# drug test in the medical exam



## ty1990 (Jul 26, 2015)

Hi there,

I'm currently applying for my australian spouse visa (subclass 300 fiance visa) and they send me to do a medical exam , does anyone know what they test for in the medicals? Do you know if they test at all for illegal drugs? if yes is marijuna is one of the drugs they check for?
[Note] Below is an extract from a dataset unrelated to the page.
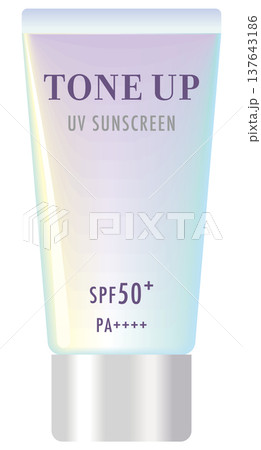 紫系のトーンアップタイプの日焼け止め（SPF50+・PA++++） 137643186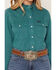Image #3 - Wrangler Retro Women's Solid Long Sleeve Snap Denim Shirt, Turquoise, hi-res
I'm just a bit worried as I've been smoking weed recently (just once last week).

Thanks for any help you can give
Regards


----------



## NiallC33 (Feb 3, 2014)

i have mine in a month, they check for hiv, tuberculosis and perform a general medical. 
although common sense would dictate you lay off the wacky baccy in the run up to a medical that will dictate how your visa goes


----------



## ty1990 (Jul 26, 2015)

NiallC33 said:


> i have mine in a month, they check for hiv, tuberculosis and perform a general medical.
> although common sense would dictate you lay off the wacky baccy in the run up to a medical that will dictate how your visa goes


yeah i didnt think about that.
oh well i guss i will have to wait for a few weeks before taking the exam


----------



## Helene (Jul 5, 2014)

They do a urine test so I don't know if they run a drug screening on it.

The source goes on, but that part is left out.